Marines launched "Operation Iron Resolve" in Fallujah after last week's killing and mutilation of four US security guards. The ferocity of the crackdown has angered Iraqi politicians working with Bremer's administration.

"We are seeing the liquidation of a whole city," Governing Council member Ghazi Ajil Al-Yawar told Al-Jazeera television, saying he might resign in protest over the treatment of Fallujah. "These operations were a mass punishment for the people of Fallujah," Adnan Pachachi, one of the most pro-American members of the US-picked Governing Council, told Al-Arabiya TV. "It was not right to punish all the people of Fallujah and we consider these operations by the Americans unacceptable and illegal."

After Friday prayers, clashes erupted in the mixed Sunni-Shiite town of Baqubah, north of Baghdad, as resistance fighters fought US troops and attacked buildings.
Shooting also broke out after a demonstration in the northern city of Mosul, witnesses said.

They said at least three Iraqis were killed in fighting around Mosul city hall and a dawn-to-dusk curfew had been imposed. Clashes in Karbala between Shiite fighters and Polish and Bulgarian troops killed 15 Iraqis.

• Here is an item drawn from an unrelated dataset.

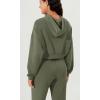 imageODODOS Womens Modal Soft FullZip Cropped Hoodies with Pockets Long Sleeve Crop Casual SweatshirtsDark Sage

Shiite militiamen still control the center of Najaf, where Sadr is thought to be holed up. The violence erupted as Shiite pilgrims thronged Karbala for Arbaeen, a religious occasion that climaxes this weekend.

Sunnis and Shiites prayed together in the southern city of Basra, in one of many shows of solidarity seen across Iraq.

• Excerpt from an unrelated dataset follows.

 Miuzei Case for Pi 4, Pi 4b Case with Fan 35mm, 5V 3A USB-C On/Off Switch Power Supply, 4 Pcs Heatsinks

A major international oil conference due to take place in the city later this month was cancelled due to security fears.

In Baghdad, new razor wire barriers blocked streets around Paradise Square where US Marines and Iraqis dragged down Saddam's statue a year ago. Loudspeaker messages warned the public to stay away. The measures appeared designed to foil possible anniversary protests against the US-led occupation.

Posters of Sadr fluttered on a green sculpture symbolizing a new Iraq erected on the plinth where Saddam's statue once stood. A US soldier later climbed a ladder to pull down the Sadr pictures in an eerie echo of last year's iconic images.